Just a few months later, however, a different panel of the Court of Appeals reached the opposite conclusion in Miles v State Farm Mut Auto Ins Co, unpublished opinion per curiam of the Michigan Court of Appeals, decided May 6, 2014 (Docket No 311699), holding that res judicata does not bar a subsequent suit for UM benefits. The Miles panel reasoned that “a claim for PIP benefits differs fundamentally from a claim for uninsured motorist benefits both in the nature of the proofs and the motivation for the claim,” id. at 4, and that the doctrine’s application “would not promote fairness and would be inconsistent with the Legislature’s intent expressed through the no-fault act,” id. at 2, since the no-fault act “provides for the swift payment of no-fault PIP benefits” while at the same time “severely restrict[ing] the right to bring third-party tort claims that would form the basis for a UM contract claim,” id.
Because both Graham and Miles were unpublished, they were not binding on either the Court of Appeals or the lower courts. And, because they reached completely opposite conclusions, they offered little guidance in the way of persuasive authority.
But, yet another panel of the Court of Appeals again considered the issue just over one year later, this time issuing a published, and therefore binding, decision in Adam v Bell, ___ Mich App ___ (2015). In doing so, the Adam panel adopted the rationale of the Miles panel, and held that res judicata does not bar a subsequent suit for UM or UIM benefits because such claim “differs fundamentally” from the earlier claim for PIP benefits:
A person injured in an accident arising from the ownership, operation, or maintenance of a motor vehicle as a motor vehicle is immediately entitled to PIP benefits without the need to prove fault. See MCL 500.3105(2); MCL 500.3107. The PIP benefits are designed to ensure that the injured person receives timely payment of benefits so that he or she may be properly cared for during recovery. Shavers v Attorney General, 402 Mich 554, 578-579 (1978). Moreover, the injured person has a limited period within which to sue an insurer for wrongfully refusing to pay PIP benefits. See MCL 500.3145(1). Because an injured person is immediately entitled to PIP benefits without regard to fault, requires those benefits for his or her immediate needs, and may lose the benefits if he or she does not timely sue to recover when those benefits are wrongfully withheld, the injured person has a strong incentive to bring PIP claims immediately after an insurer denies the injured person’s claim for PIP benefits.
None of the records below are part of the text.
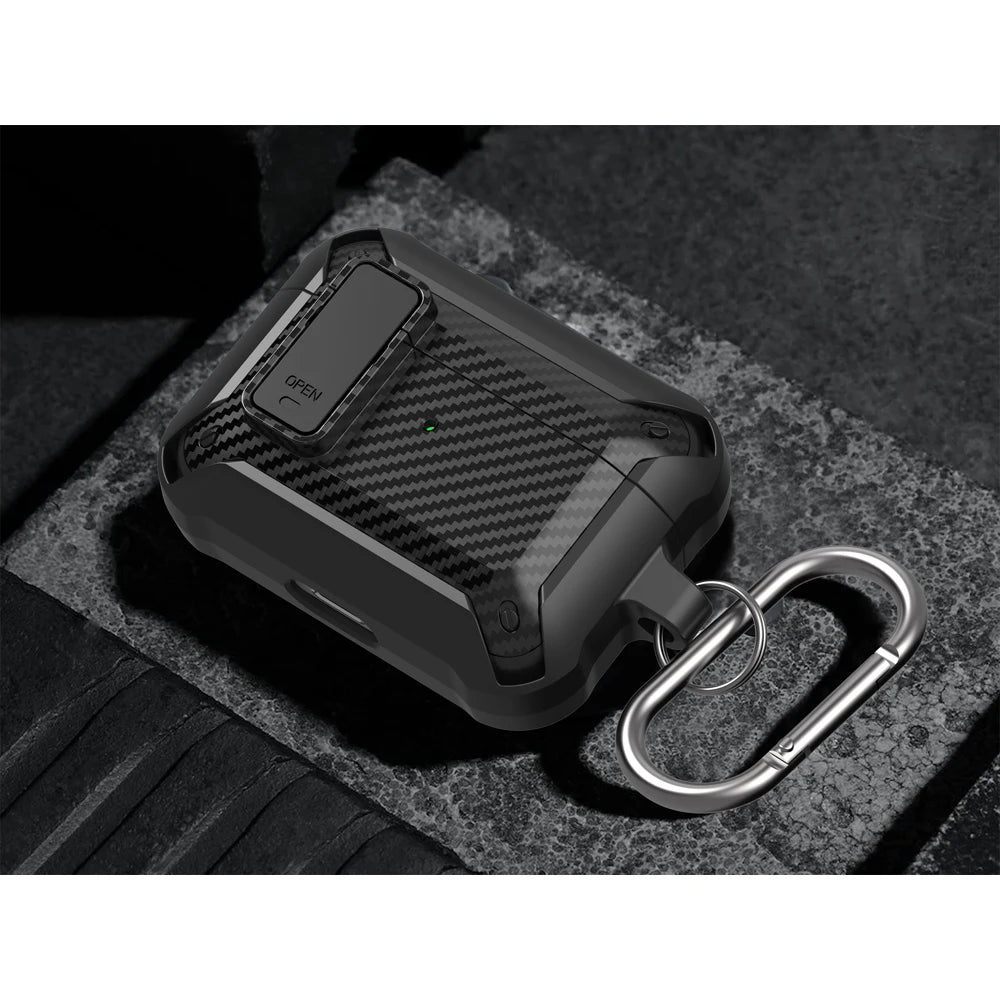 Security Lock Cover For Airpods Pro 2 Case Luxury Carbon Fibre Switch Earphone Case With Keychain For Airpods 3 1 Shockproof Box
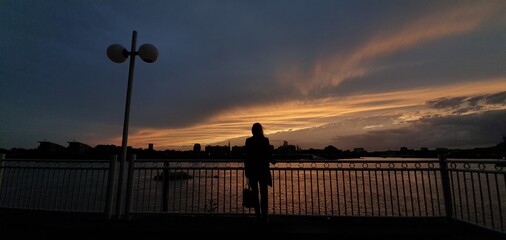 girl watching sunset
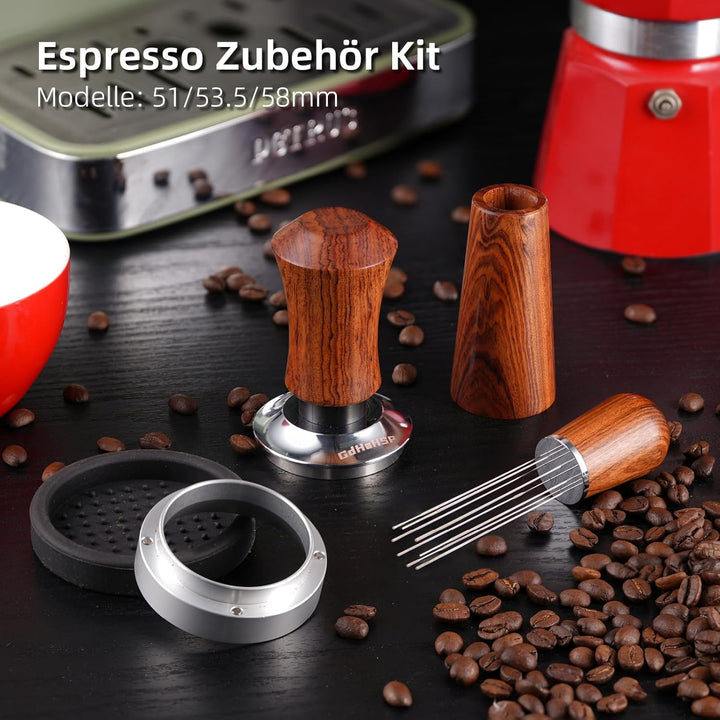 53.5mm Siebträger Zubehör Set,Kaffee Tamper,WDT Tool,Dosierring &amp; Tampermatte Set,Siebträgermaschine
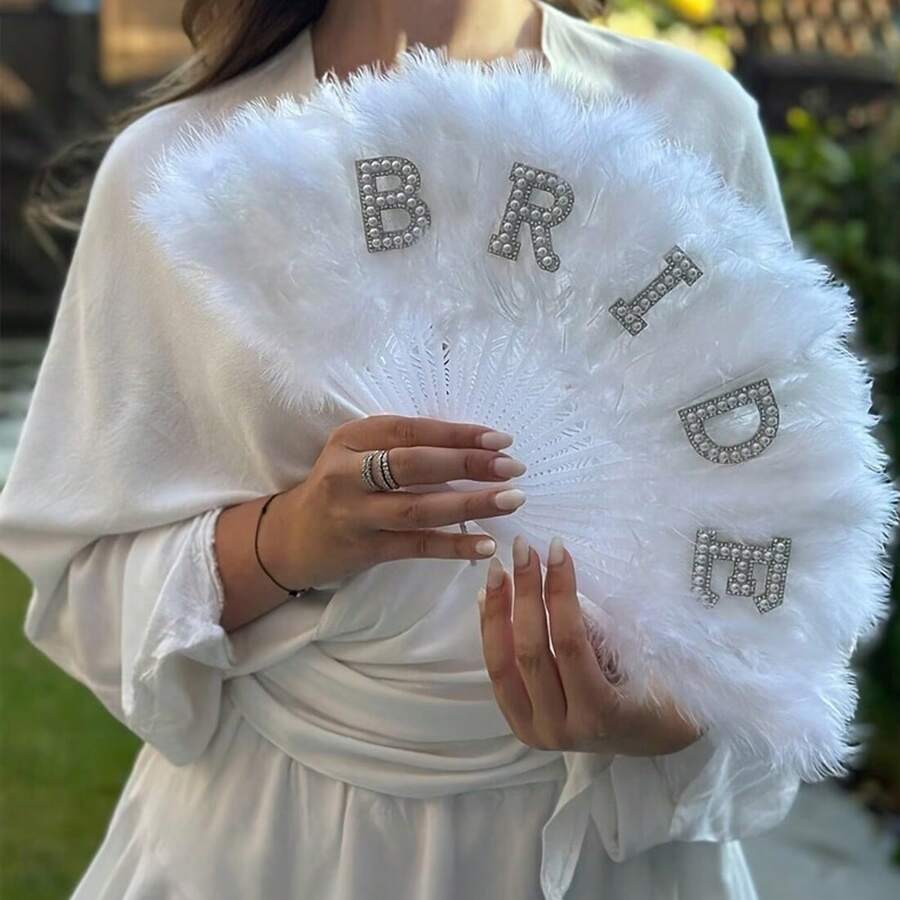 Elegant Pearl Inlaid Bridal Fan, Suitable For Brides-To-Be, Non-Foldable Handheld Style, Applicable For Weddings And Bachelorette Parties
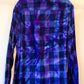 Purple Extra Large Long Sleeve Upcycled Tie Dyed Flannel Button Down
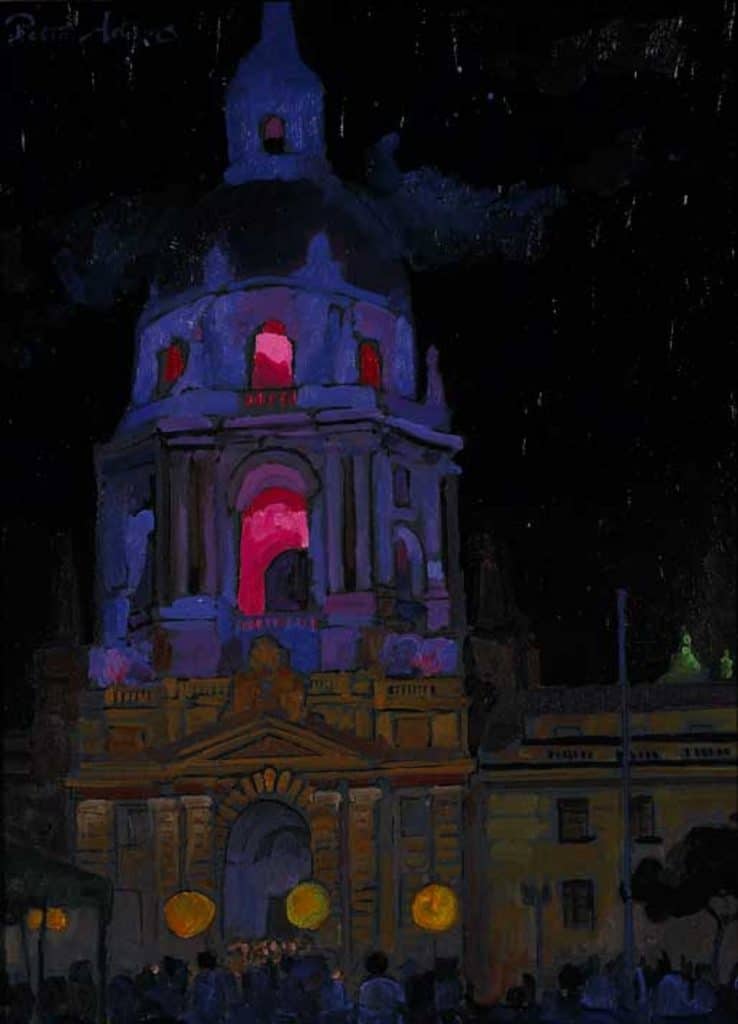 American Legacy Fine Arts presents "Reopening Celebration of City Hall; Pasadena, July 15, 2007" a painting by Peter Adams.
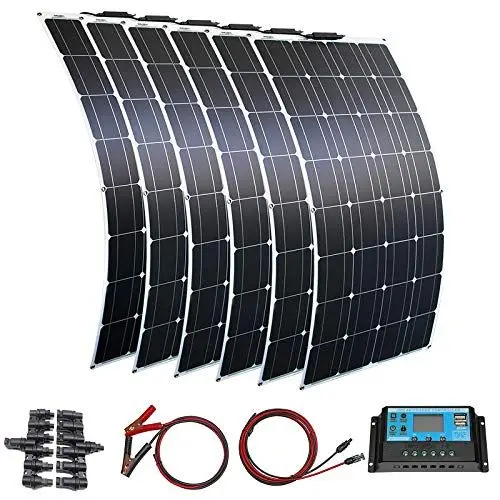 Produktbild: 600W Flexibles Solarpanel Kit,6 stücke 100W monokristallin Solar Panel Solarladung mit 60 A Controller USB-Ausgang zum Aufladen von 12V-Batterien (belüftetes AGM-Gel) - für Auto,Boote, Dächer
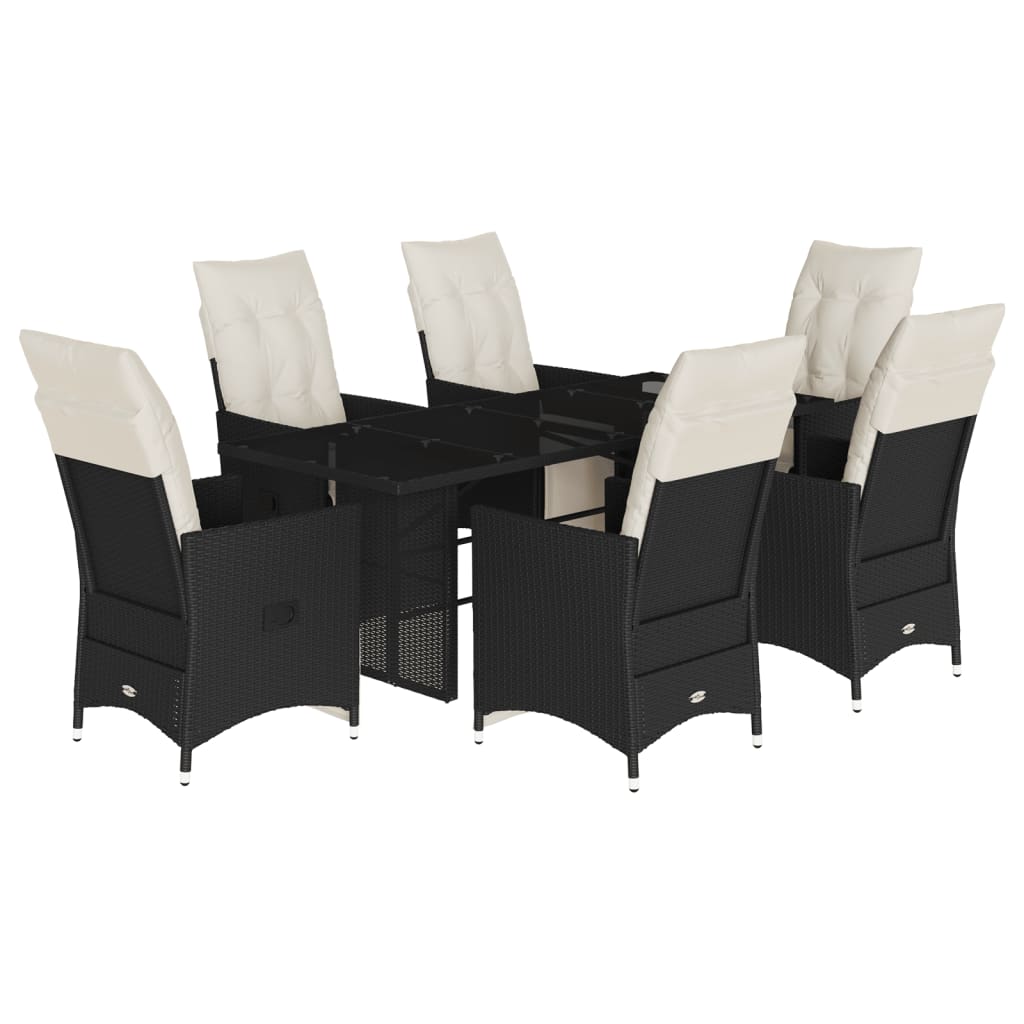 vidaXL Set de comedor de jardín 7 pzas y cojines ratán sintético negro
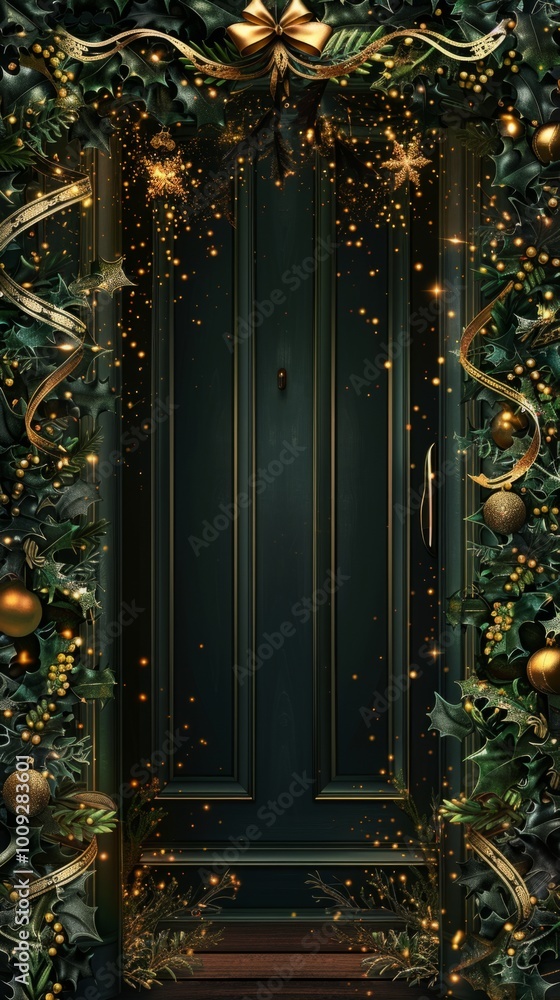 This festive garland of evergreen branches, red berries, and pine cones, beautifully decorated with golden ribbons and twinkling lights, graces a rustic wooden door This festive garland of evergreen branches, red berries, and pine cones, beautifully decorated with golden ribbons and twinkling lights, graces a rustic wooden door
In contrast to a claim for PIP benefits, in order to establish his or her right to uninsured motorist benefits, an injured person must—as provided in the insurance agreement—be able to prove fault: he or she must be able to establish that the uninsured motorist caused his or her injuries and would be liable in tort for the resulting damages. See Auto Club Ins Ass’n v Hill, 431 Mich 449, 465-466 (1988). Significantly, this means that the injured person must plead and be able to prove that he or she suffered a threshold injury. Id. at 466, citing MCL 500.3135(1). Except in accidents involving death or permanent serious disfigurement, an injured person will therefore be required to show that his or her injuries impaired an important body function that affects the injured person’s general ability to lead his or her normal life in order to meet the threshold. MCL 500.3135(1) and (5). This in turn will often require proof of the nature and extent of the injured person’s injuries, the injured person’s prognosis over time, and proof that the injuries have had an adverse effect on the injured person’s ability to lead his or her normal life. See McCormick v Carrier, 487 Mich 180, 200-209 (2010). Thus, while an injured person will likely have all the facts necessary to make a meaningful decision to pursue a PIP claim within a relatively short time after an accident, the same cannot be said for the injured person’s ability to pursue a claim for uninsured motorist benefits. Finally, an injured person’s claim for uninsured motorist benefits involves compensation for past and future pain and suffering and other economic and noneconomic losses rather than compensation for immediate expenses related to the injured person’s care and recovery. See Dawe v Bar-Levav & Assocs (On Remand), 289 Mich App 380, 408-410 (2010) (discussing the nature of the economic and noneconomic damages that are awarded in negligence actions). Consequently, a claim for PIP benefits differs fundamentally from a claim for uninsured motorist benefits both in the nature of the proofs and the motivation for the claim. [Id., slip opn at 3, quoting Miles, supra at 3.]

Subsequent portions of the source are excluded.